Provided records section start

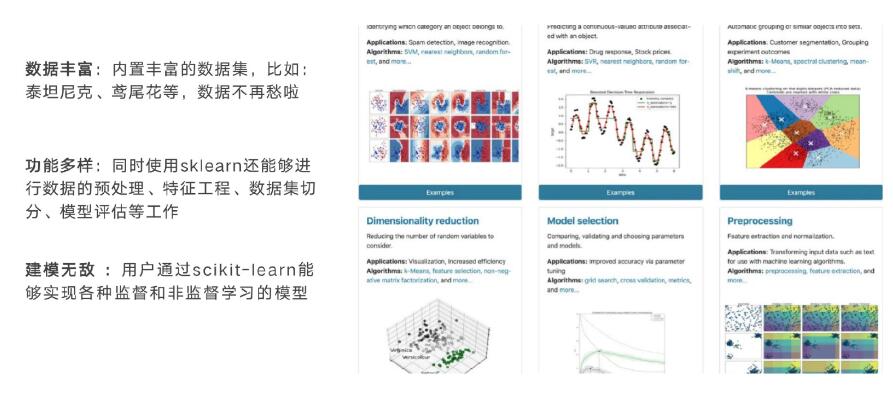 深入Scikit-learn：掌握Python最强大的机器学习库 图4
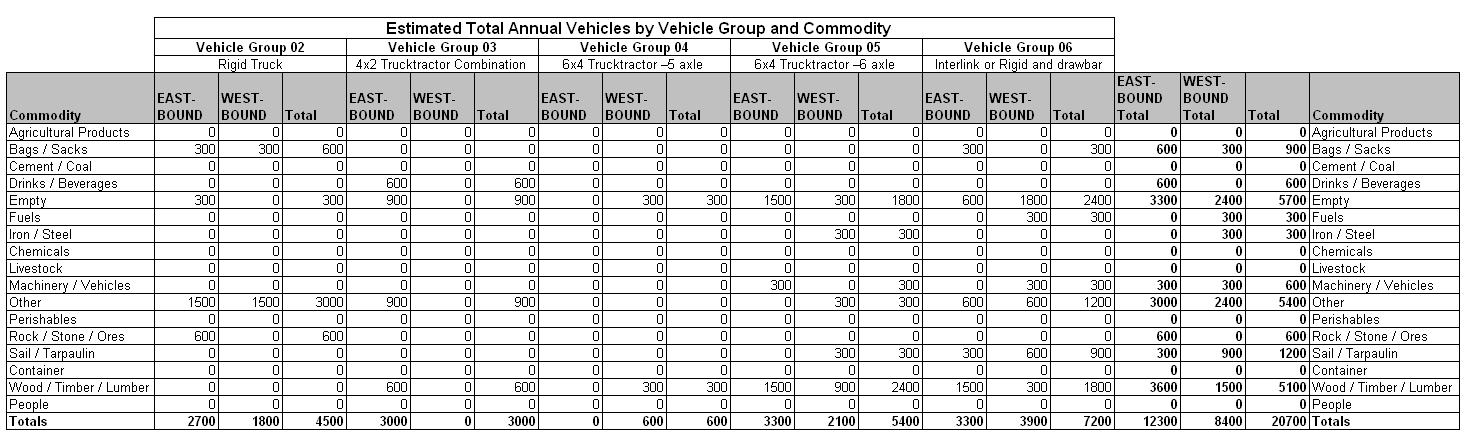 Table 48.5
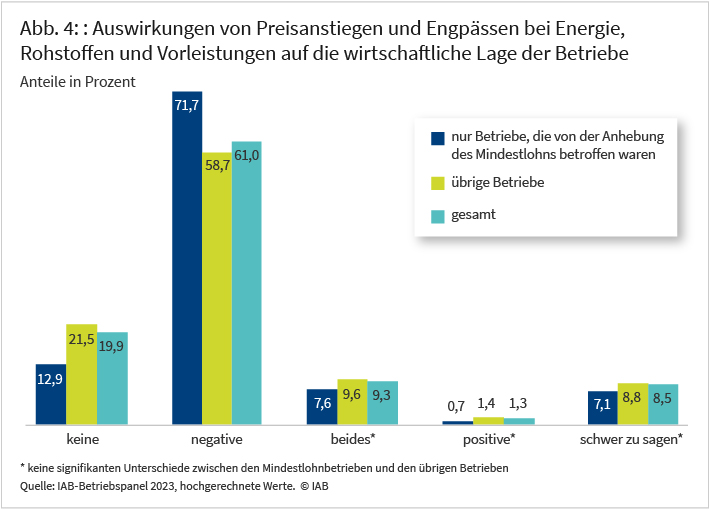 Abbildung 4 zeigt Auswirkungen der wirtschaftlichen Lage auf Betriebe. Konkret geht es um Auswirkungen der veränderten Preise und der Knappheiten bei Energie, Rohstoffen und Vorleistungen. Hierzu ist eine von fünf Antworten möglich: negative Auswirkungen, positive Auswirkungen, beides, keine, und schwer zu sagen. Es wird zwischen den Antworten von Betrieben, die von der Mindestlohn-Anhebung 2023 auf 12,41 Euro betroffen waren und übrigen Betrieben unterschieden. Mindestlohnbetriebe sind von den Auswirkungen der wirtschaftlichen Lage stärker negativ betroffen als die übrigen Betriebe. Quelle: IAB-Betriebspanel 2023, hochgerechnete Werte.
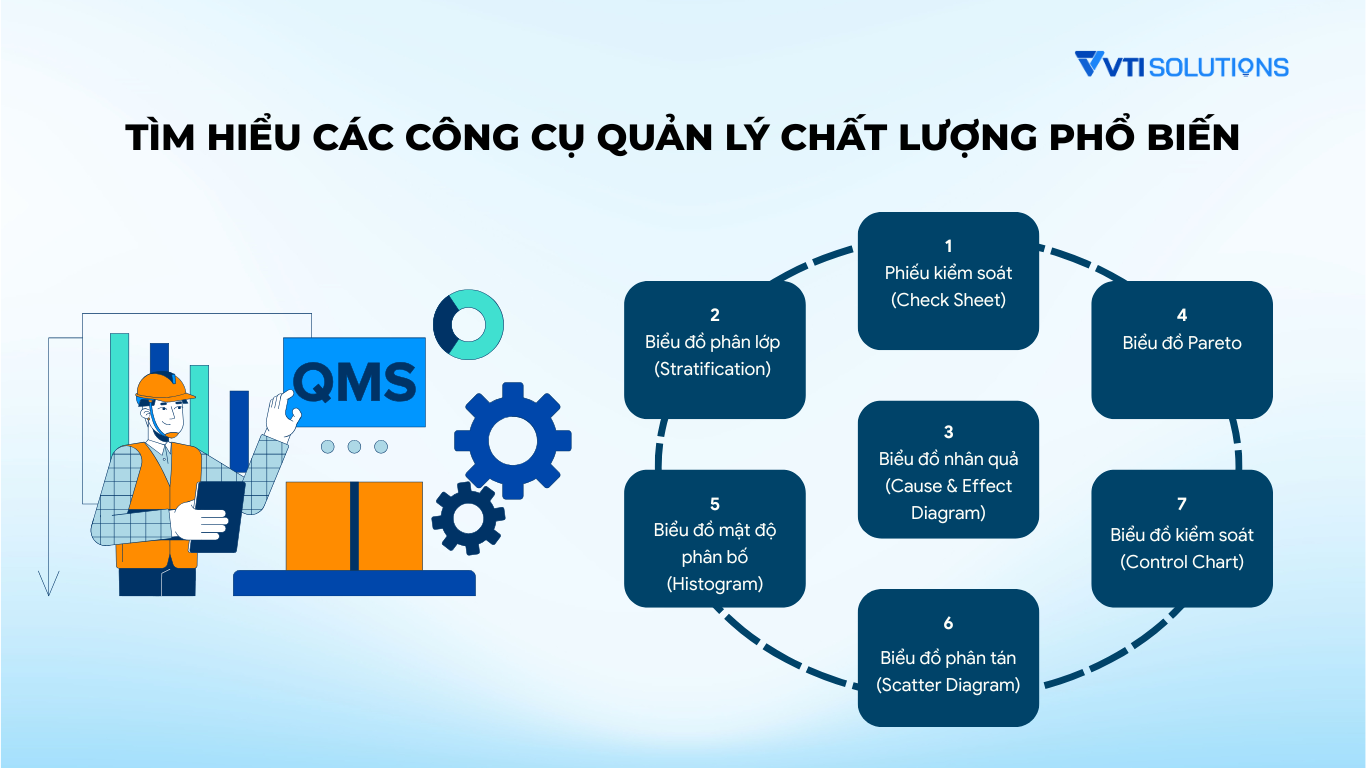 các công cụ quản lý chất lượng phổ biến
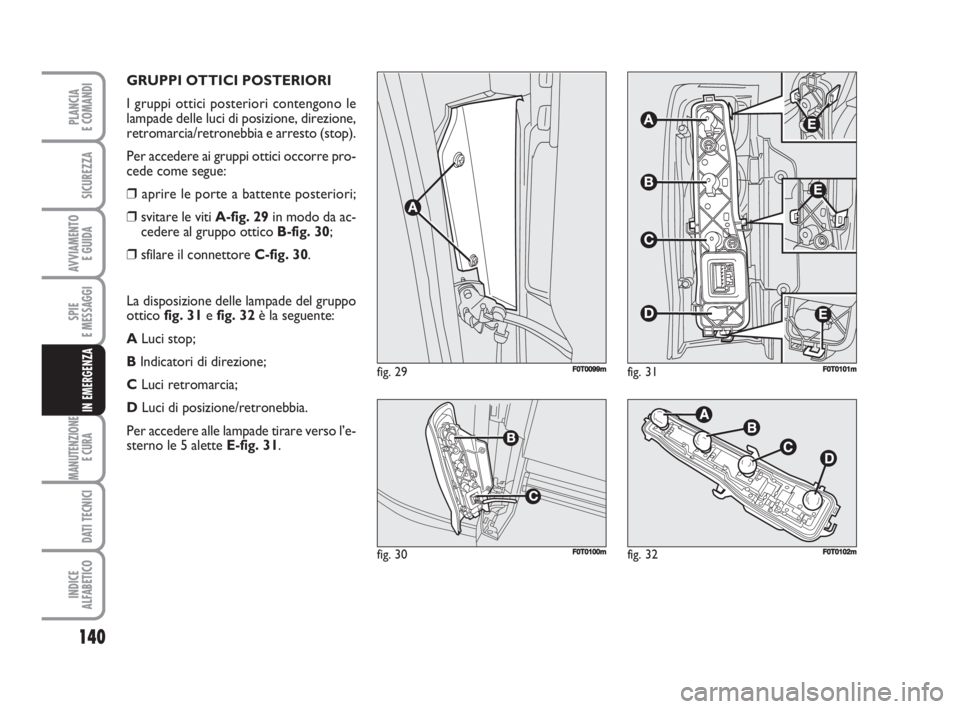 FIAT FIORINO 2008  Libretto Uso Manutenzione (in Italian) 140
SPIE
E MESSAGGI
MANUTENZIONE
E CURA 
DATI TECNICI
INDICE
ALFABETICO
PLANCIA
E COMANDI
SICUREZZA
AVVIAMENTO 
E GUIDA
IN EMERGENZA
GRUPPI OTTICI POSTERIORI 
I gruppi ottici posteriori contengono le
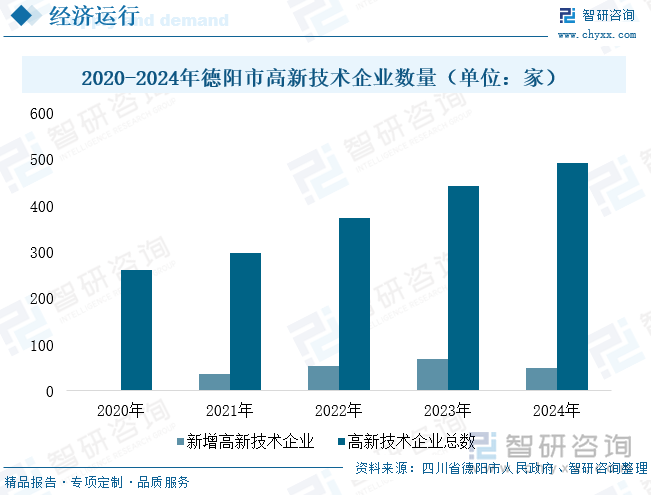 2020-2024年德陽(yáng)市高新技術(shù)企業(yè)數(shù)量（單位：家）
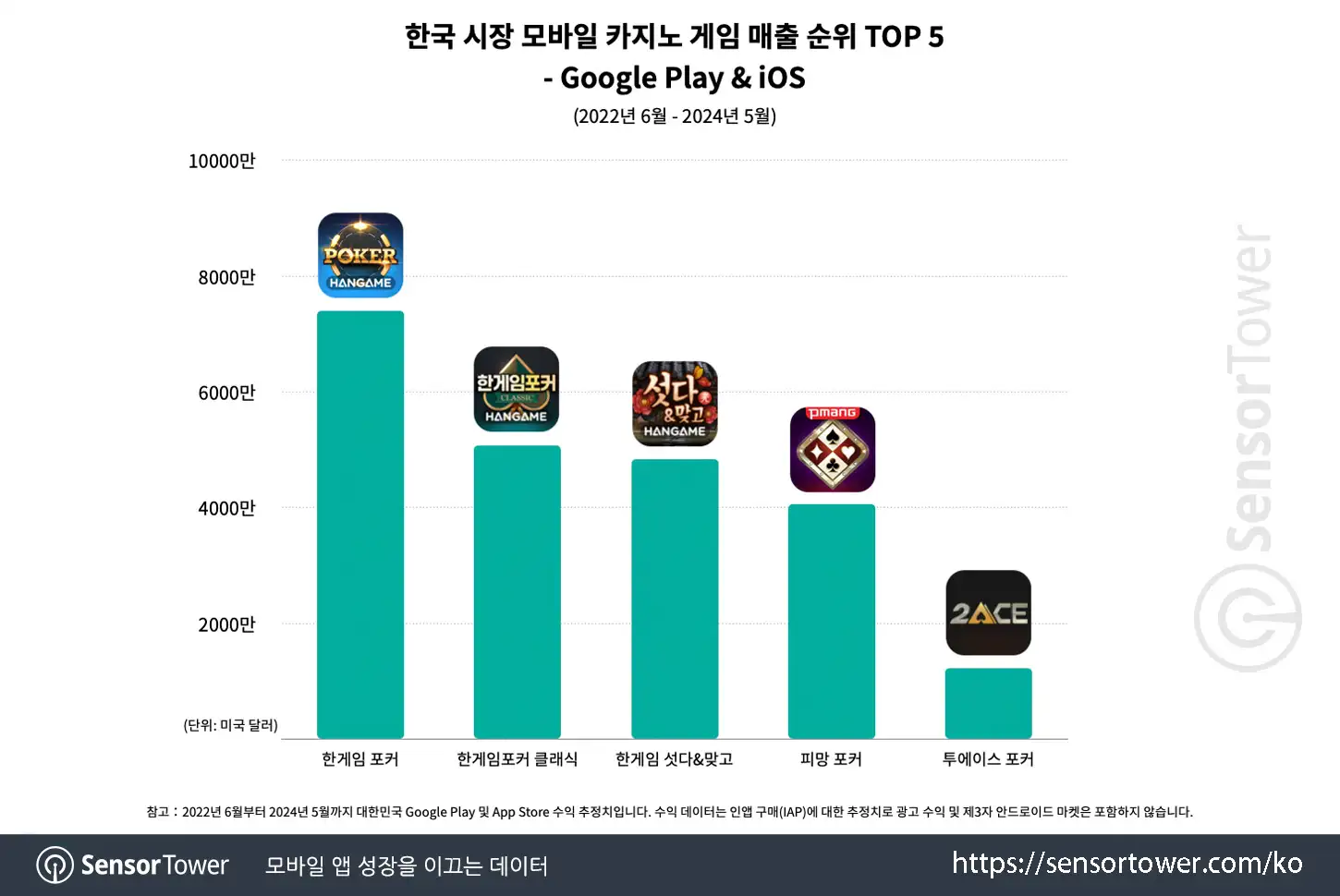 Casino_Chart 2_updated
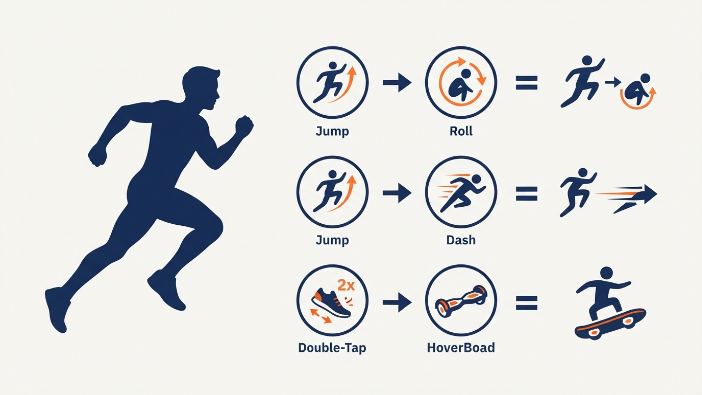 15 Expert Subway Surfers Mid-Game Moves and Tricks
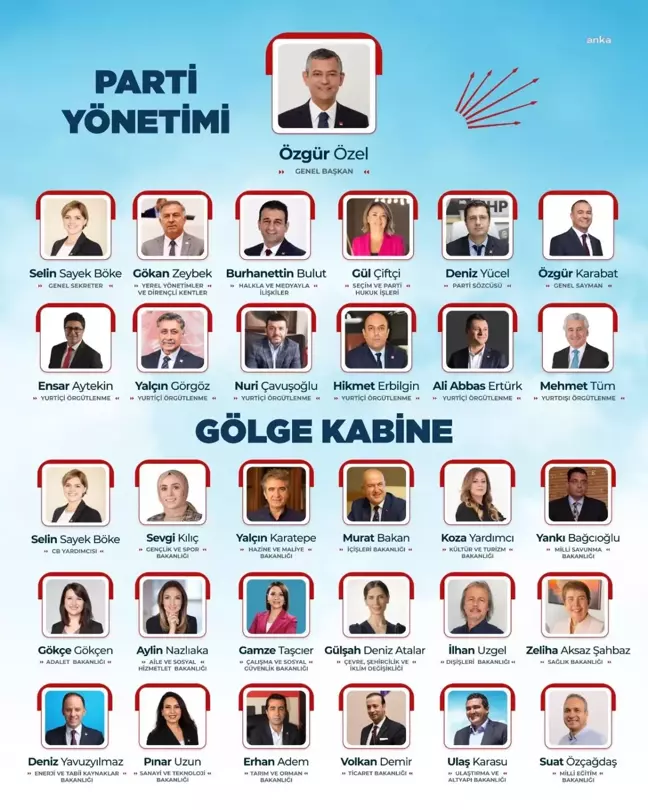 İşte CHP Genel Başkanı Özgür Özel'in A Takımı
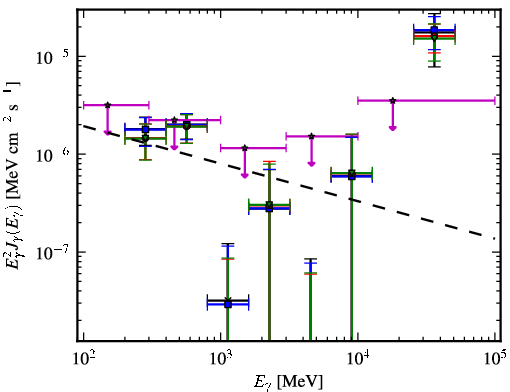 Spectra for 1FGL_J2159.9-1234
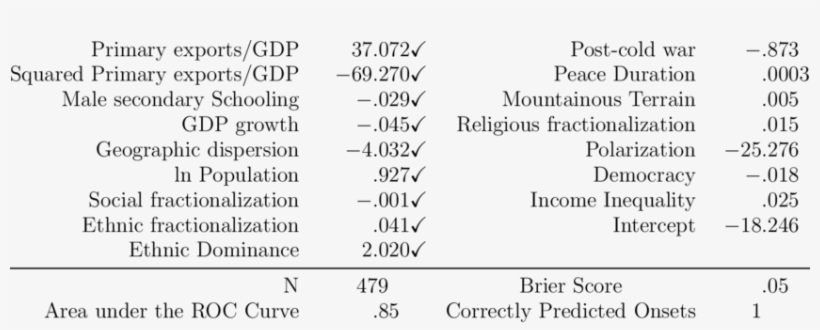 Replication Of The Combined Model Of Greed And Grievance - Greed Versus Grievance, transparent png #3483312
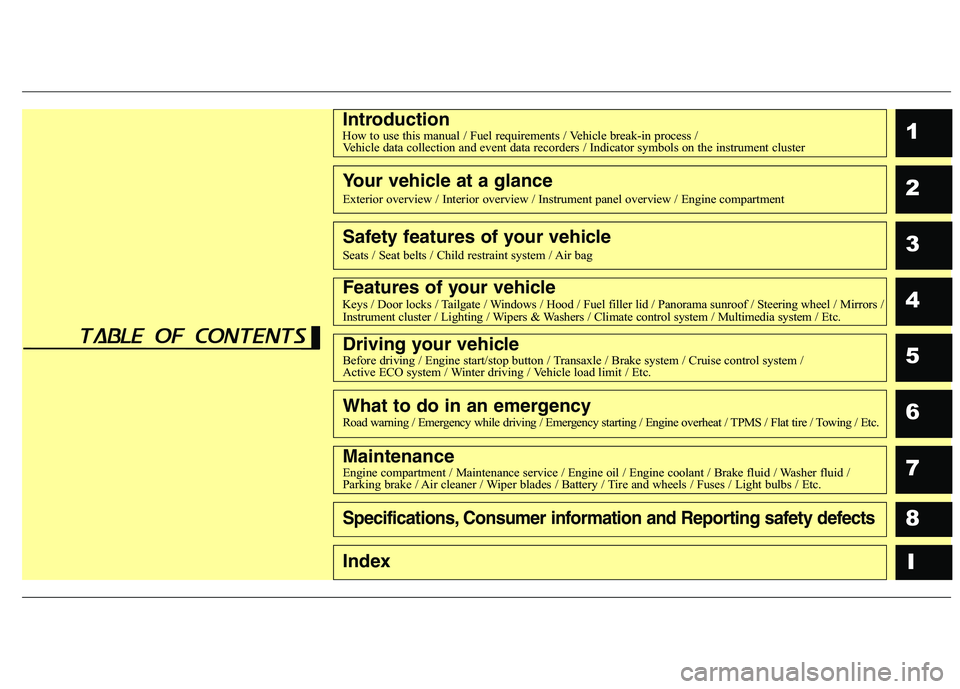 HYUNDAI ELANTRA GT 2014  Owners Manual 1
2
3
4
5
6
7
8
I
IntroductionHow to use this manual / Fuel requirements / Vehicle break-in process / 
Vehicle data collection and event data recorders / Indicator symbols on the instrument cluster 
Y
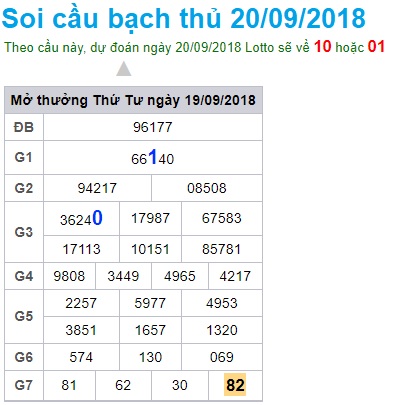 soi-cau-xsmb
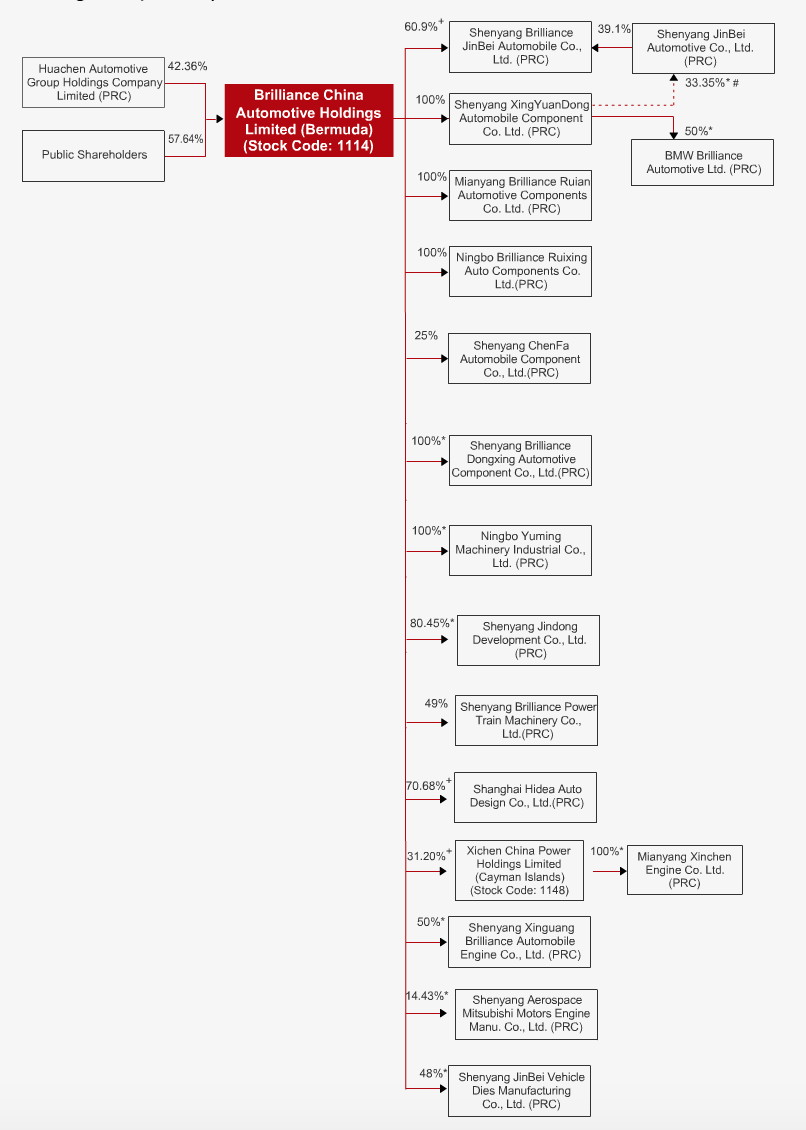 港股百科】华晨中国——宝马的中国合作伙伴- 知乎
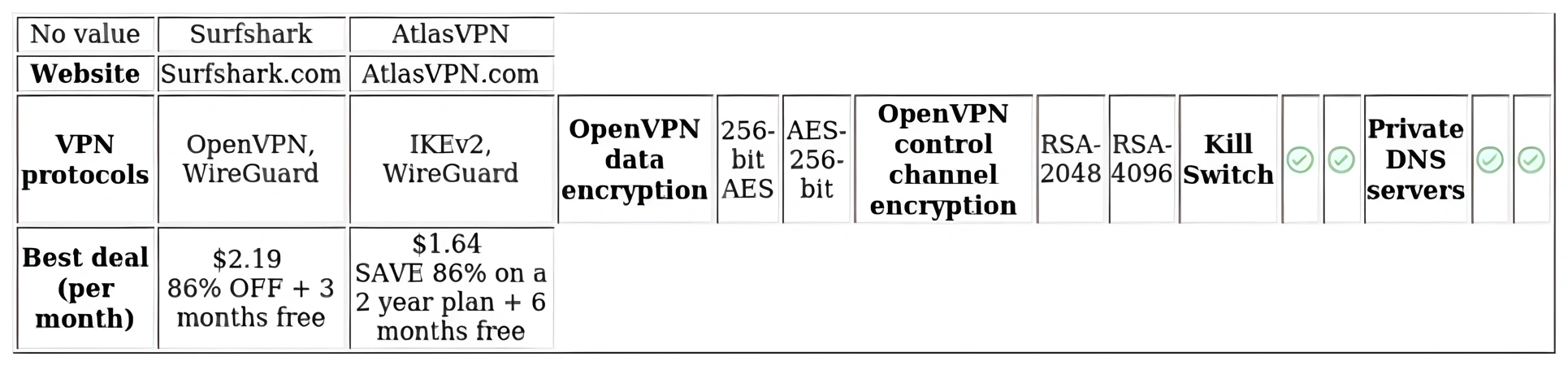 http://ssvpn.fp.guinfra.com/file/67c24bc8c62e0a3198e8174bLU760wi903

Provided records section end

§ **Task objective**: Only lines holding the word "Vehicle" belong in the answer; copy all of them from the records.

§ **Finished exercise**:
IntroductionHow to use this manual / Fuel requirements / Vehicle break-in process / 
Vehicle data collection and event data recorders / Indicator symbols on the instrument cluster 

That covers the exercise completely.